### [WHAT TO DO]
Would you return exactly the lines below from the line with "Komisi XIII DPR" through the line with "Buy online pre-used", both included, and nothing else, leaving out the pictures?

### [RECORDS SUPPLIED]
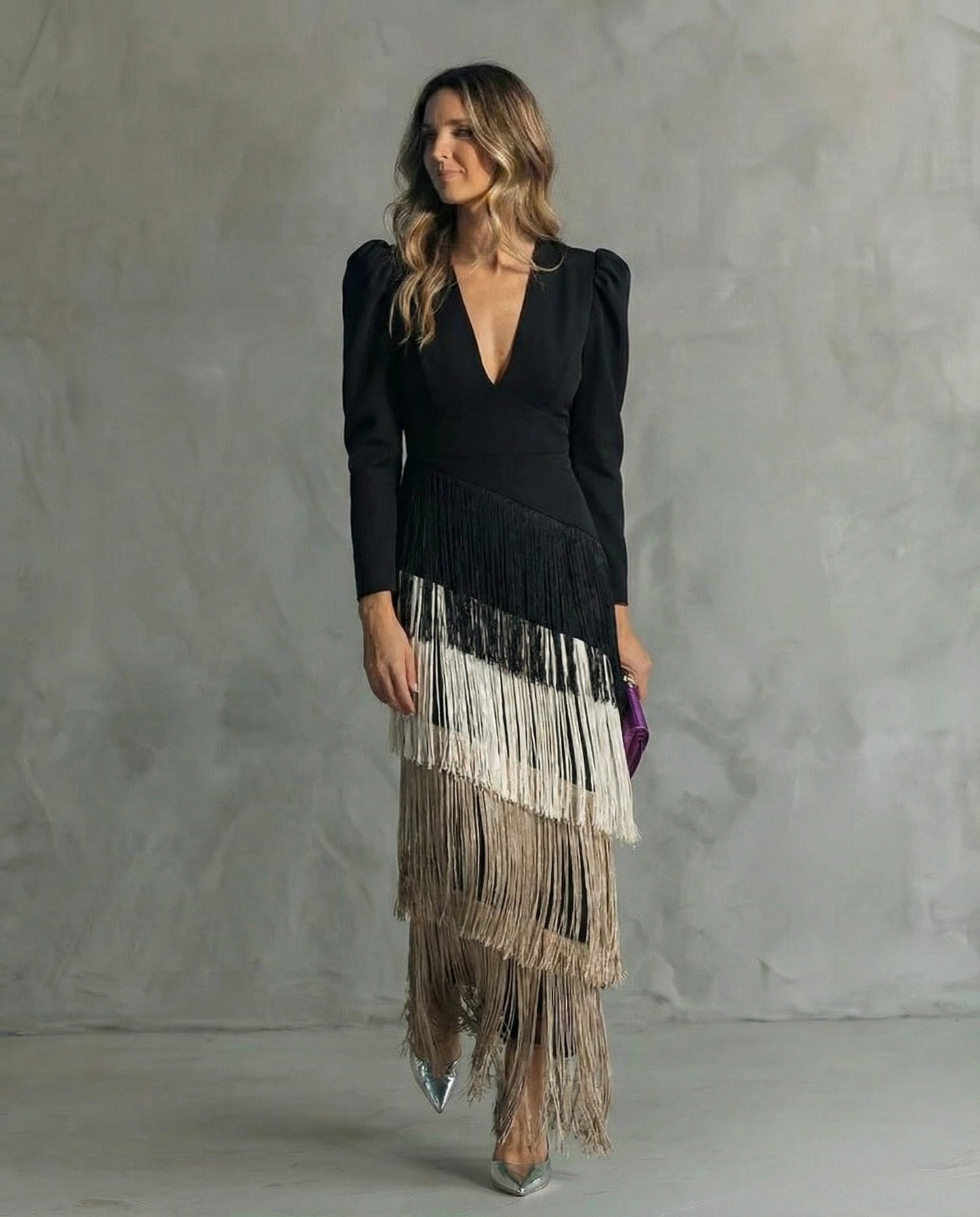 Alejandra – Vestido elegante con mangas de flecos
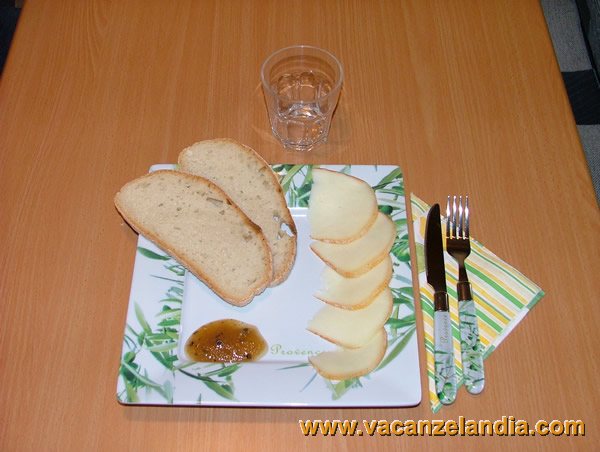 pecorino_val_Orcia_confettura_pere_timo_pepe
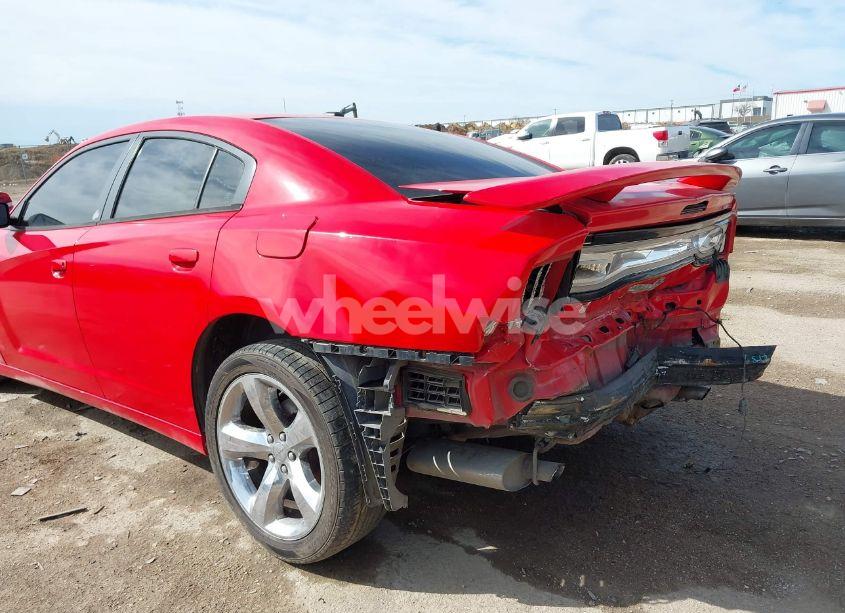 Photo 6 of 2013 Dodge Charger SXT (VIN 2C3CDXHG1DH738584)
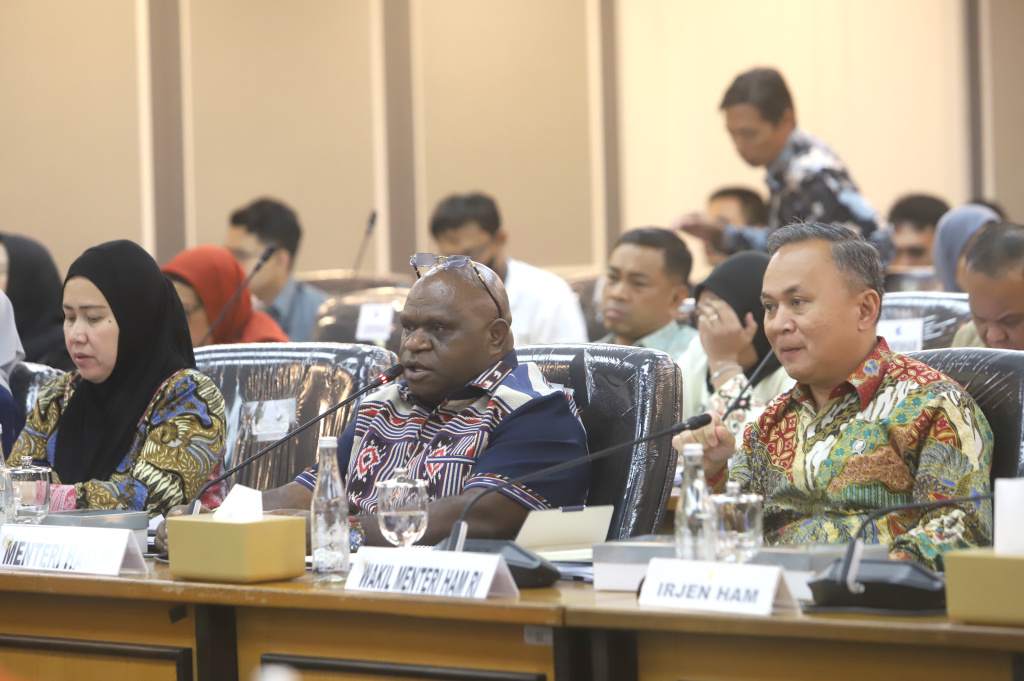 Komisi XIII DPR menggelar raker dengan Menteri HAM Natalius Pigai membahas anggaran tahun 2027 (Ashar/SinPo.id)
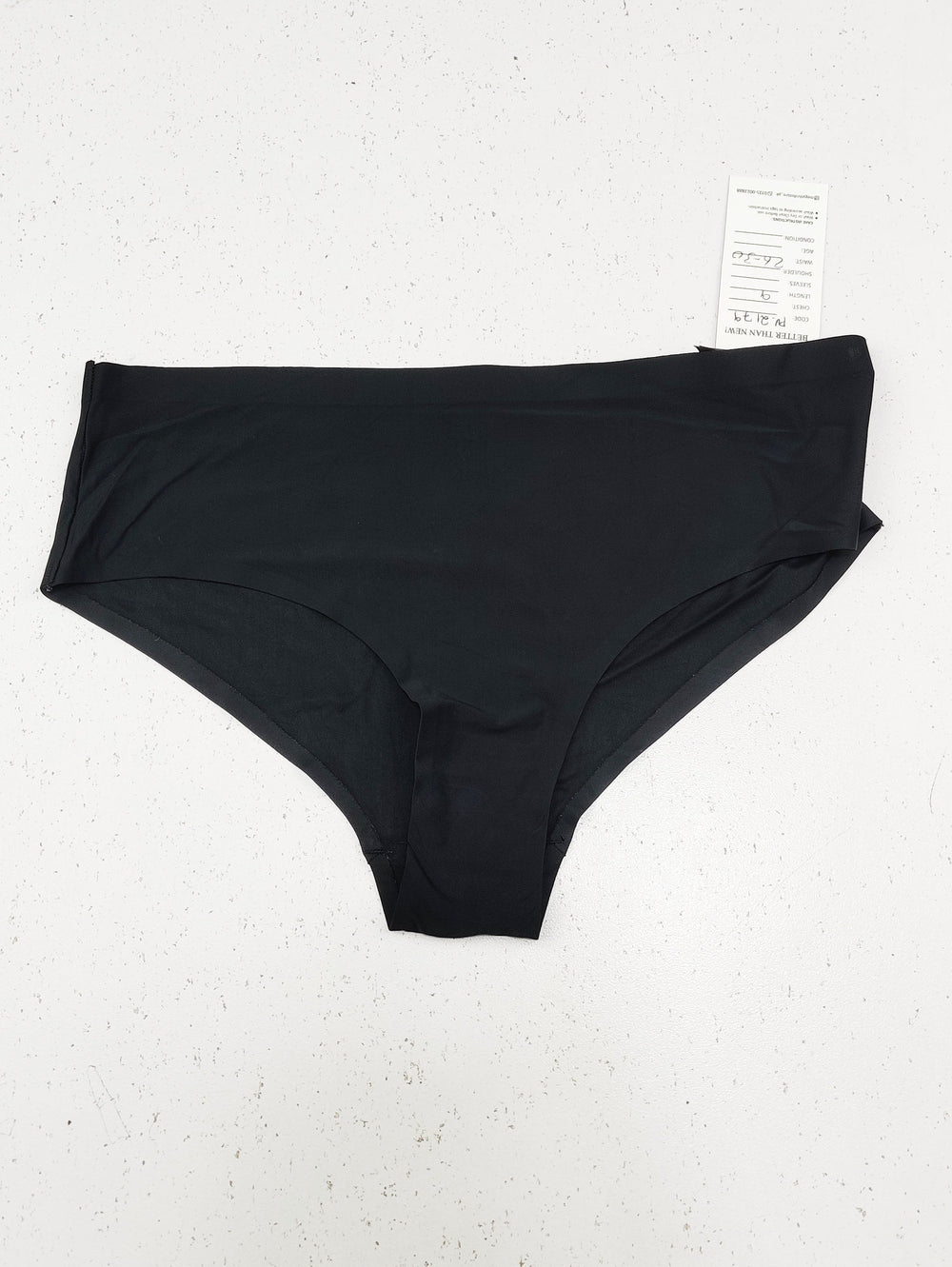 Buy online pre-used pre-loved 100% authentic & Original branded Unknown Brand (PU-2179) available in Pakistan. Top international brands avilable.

* * *

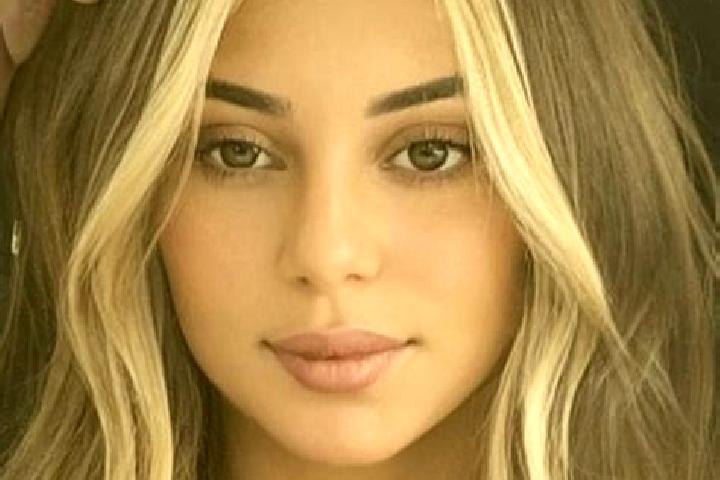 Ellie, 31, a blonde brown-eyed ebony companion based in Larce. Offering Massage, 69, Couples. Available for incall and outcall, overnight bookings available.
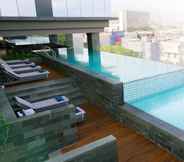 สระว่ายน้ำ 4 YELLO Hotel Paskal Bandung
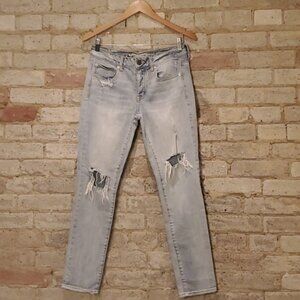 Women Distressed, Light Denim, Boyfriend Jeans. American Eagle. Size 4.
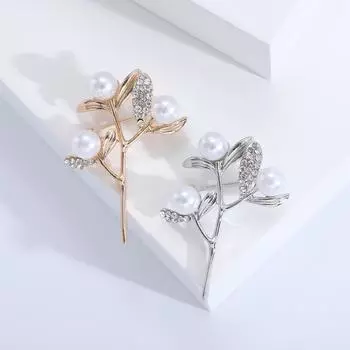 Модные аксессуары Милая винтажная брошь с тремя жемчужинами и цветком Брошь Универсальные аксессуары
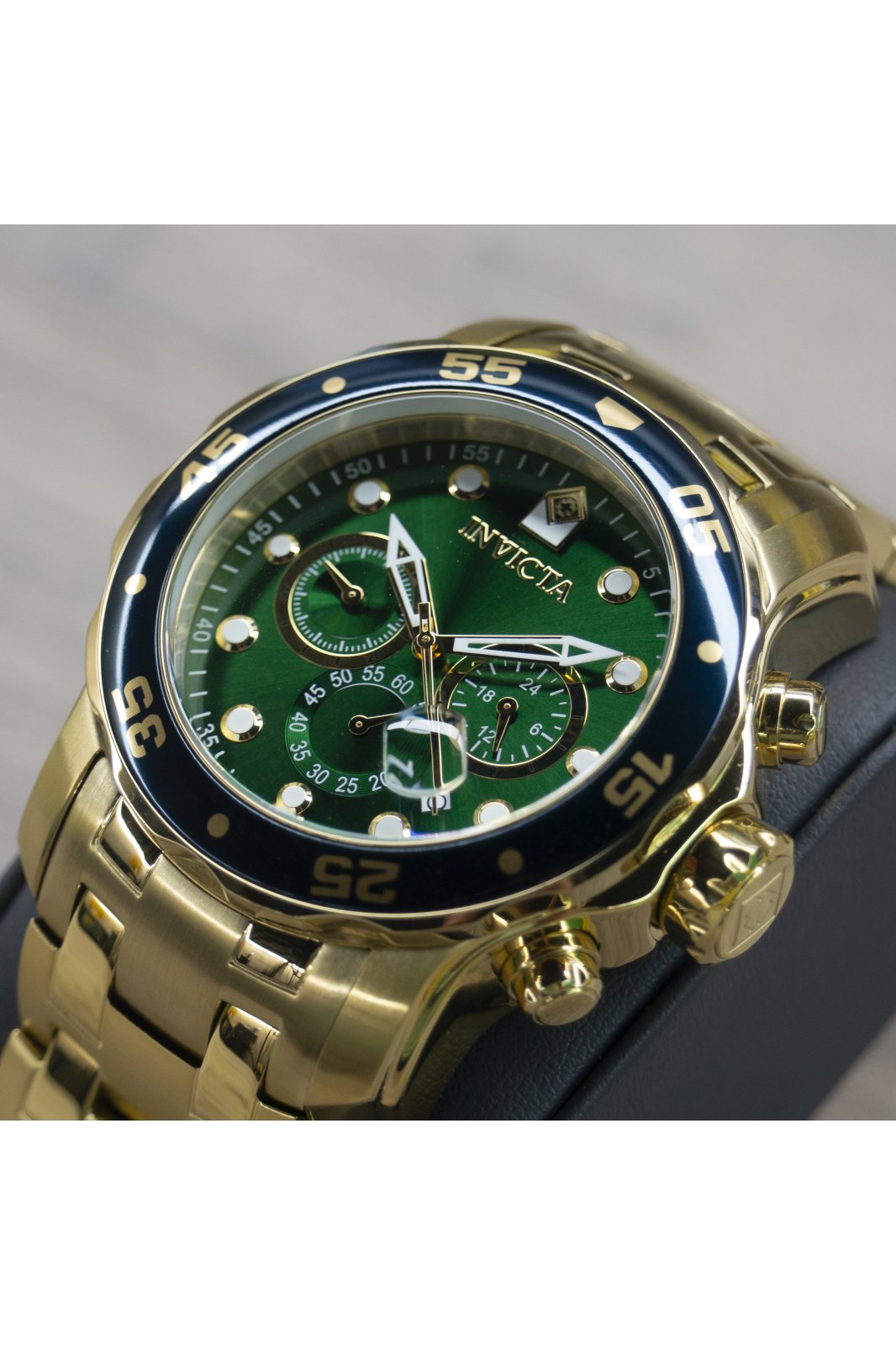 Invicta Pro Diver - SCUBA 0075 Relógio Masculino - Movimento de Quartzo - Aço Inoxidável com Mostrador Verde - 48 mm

==

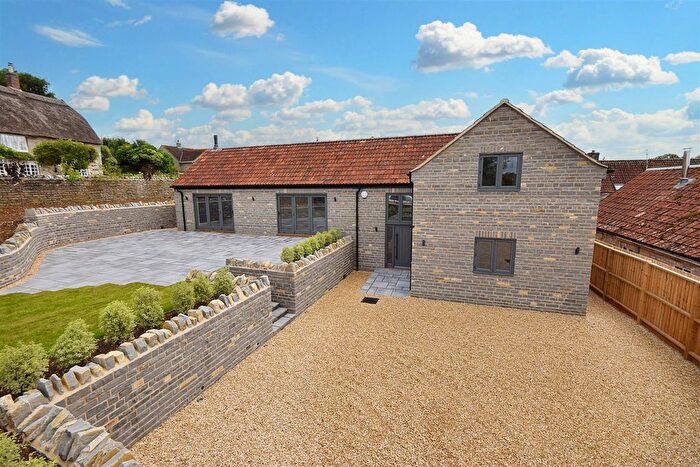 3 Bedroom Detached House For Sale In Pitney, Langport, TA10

### [EXPECTED ANSWER]
 Komisi XIII DPR menggelar raker dengan Menteri HAM Natalius Pigai membahas anggaran tahun 2027 (Ashar/SinPo.id)
 Buy online pre-used pre-loved 100% authentic & Original branded Unknown Brand (PU-2179) available in Pakistan. Top international brands avilable.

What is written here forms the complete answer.